It is clear that different values of inputs will give different results at the output. Interestingly in quantum computing systems all the inputs will superpose both 0 and 1 at the same time. The quantum gates will preserve the superposition and the results at S and C will also be superposed. Ultimately only one of those superposed values can be measured at the output. Since when we measure the superposed states will tend to assume one of the finite values 0 or 1, it is possible that we may not get the result we want. But, it is also observed that probabilities can be assigned to qubits [probability of being 1 or 0] and by efficiently manipulating the probabilities desired output can be obtained. By now you might have figured out why this wouldn’t particularly increase the speed of a simple arithmetic operation like addition. However this can be used to figure out the solutions of complex mathematical problems where we have to select only one correct value from enormous number of possibilities. Integer factorization & Quantum database search are examples.
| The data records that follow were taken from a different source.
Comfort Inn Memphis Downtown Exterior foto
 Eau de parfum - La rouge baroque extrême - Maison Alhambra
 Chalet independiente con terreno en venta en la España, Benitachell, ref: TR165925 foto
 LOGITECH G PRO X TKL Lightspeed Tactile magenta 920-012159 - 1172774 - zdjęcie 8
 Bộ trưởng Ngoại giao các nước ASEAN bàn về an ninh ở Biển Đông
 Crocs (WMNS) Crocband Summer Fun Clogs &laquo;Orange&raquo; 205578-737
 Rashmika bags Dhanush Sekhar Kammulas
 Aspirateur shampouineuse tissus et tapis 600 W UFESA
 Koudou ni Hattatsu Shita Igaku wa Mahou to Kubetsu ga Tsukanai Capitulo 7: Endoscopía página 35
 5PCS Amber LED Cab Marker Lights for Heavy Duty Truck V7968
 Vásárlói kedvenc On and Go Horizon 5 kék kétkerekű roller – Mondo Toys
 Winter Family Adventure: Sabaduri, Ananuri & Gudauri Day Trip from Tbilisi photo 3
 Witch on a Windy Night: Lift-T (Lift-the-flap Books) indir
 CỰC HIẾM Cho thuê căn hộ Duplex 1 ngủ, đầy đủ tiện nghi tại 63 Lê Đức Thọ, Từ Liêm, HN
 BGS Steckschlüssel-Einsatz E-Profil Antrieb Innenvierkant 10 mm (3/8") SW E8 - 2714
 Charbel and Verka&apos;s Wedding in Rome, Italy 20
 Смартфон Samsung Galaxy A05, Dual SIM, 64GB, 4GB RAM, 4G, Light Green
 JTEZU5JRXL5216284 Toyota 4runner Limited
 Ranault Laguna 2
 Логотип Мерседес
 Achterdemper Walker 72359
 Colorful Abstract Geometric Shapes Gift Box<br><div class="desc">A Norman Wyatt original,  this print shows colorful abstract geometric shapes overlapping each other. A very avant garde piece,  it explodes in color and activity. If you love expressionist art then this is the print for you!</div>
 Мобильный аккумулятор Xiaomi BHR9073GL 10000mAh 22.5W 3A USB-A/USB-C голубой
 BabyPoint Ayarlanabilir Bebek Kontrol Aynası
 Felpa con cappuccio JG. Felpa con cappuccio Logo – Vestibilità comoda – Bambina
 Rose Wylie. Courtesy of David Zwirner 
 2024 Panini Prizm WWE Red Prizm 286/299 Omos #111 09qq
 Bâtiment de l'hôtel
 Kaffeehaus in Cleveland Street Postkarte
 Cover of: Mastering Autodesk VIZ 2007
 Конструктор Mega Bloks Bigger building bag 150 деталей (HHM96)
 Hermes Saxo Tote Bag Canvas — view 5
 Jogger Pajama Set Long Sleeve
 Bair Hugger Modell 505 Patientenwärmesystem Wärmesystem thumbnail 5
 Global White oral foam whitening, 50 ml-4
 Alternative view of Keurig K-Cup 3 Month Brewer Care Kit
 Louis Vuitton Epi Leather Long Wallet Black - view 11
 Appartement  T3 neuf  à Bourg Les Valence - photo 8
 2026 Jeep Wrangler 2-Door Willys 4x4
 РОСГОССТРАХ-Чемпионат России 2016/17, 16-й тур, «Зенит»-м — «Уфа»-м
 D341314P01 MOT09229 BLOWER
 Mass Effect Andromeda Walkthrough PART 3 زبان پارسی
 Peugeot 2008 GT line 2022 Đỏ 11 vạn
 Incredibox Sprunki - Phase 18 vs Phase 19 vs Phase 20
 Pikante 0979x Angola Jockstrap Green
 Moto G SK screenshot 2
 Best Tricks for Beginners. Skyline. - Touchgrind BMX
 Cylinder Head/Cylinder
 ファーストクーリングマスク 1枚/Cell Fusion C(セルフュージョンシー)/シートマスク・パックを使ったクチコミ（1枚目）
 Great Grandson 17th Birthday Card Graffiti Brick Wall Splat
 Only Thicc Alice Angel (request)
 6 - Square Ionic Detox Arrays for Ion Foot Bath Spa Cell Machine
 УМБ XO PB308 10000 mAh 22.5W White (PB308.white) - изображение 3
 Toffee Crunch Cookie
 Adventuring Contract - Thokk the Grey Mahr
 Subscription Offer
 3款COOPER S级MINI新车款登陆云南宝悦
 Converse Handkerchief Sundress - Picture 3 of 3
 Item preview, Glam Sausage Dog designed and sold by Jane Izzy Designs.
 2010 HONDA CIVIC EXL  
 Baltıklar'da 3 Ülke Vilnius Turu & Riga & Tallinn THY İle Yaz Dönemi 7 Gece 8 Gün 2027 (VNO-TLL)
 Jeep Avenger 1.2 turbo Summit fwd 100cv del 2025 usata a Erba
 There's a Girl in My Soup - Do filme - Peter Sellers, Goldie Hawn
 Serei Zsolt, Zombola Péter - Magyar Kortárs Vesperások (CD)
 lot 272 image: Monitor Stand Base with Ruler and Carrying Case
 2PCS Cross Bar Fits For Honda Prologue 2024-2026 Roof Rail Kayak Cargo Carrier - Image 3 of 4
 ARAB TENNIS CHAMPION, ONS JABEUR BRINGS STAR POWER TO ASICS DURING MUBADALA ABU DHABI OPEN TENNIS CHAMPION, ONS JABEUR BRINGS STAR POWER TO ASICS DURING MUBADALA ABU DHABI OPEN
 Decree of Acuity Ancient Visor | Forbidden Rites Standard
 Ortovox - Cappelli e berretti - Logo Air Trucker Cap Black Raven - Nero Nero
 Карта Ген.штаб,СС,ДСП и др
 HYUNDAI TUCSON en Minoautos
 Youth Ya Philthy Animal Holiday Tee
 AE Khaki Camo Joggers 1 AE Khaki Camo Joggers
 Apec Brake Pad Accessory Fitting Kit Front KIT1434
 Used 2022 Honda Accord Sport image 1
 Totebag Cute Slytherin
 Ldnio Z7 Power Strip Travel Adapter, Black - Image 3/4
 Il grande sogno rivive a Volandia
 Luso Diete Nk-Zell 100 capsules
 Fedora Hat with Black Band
Another unintuitive quantum property which is made use of here in such computing systems is quantum entanglement. Quantum entanglement in simple words is the property of close association of two qubits. A state change in one of the pairs would affect the other one spontaneously no matter how distant they are physically. Scientists are still unsure about the reason for quantum entanglement, but that hasn’t stopped the world from researching ideas such as quantum teleportation. Any manipulation of the probability of a state of one qubit will also affect the other one in the pair due to quantum entanglement.

Figure 9: The differences

While it is pretty much obvious that Quantum Computing is not particularly useful in calculations which require corresponding outputs for given inputs where would they make sense? They would be an excellent choice where one valid selection has to be made from a number of possibilities. Consider a search operation. A program will have to iteratively look for the search value in an entire database to get the result in a classical computer. But guess what, the entire process can be superposed to a single step using a quantum computer and the value at the output can be measured.

Shor’s Algorithm

Shor’s algorithm is divided into two parts where there is a classical part and a quantum computing part. The calculation is done in 5 steps as follows. Out of the five steps, only in step 3 we make use of quantum computers.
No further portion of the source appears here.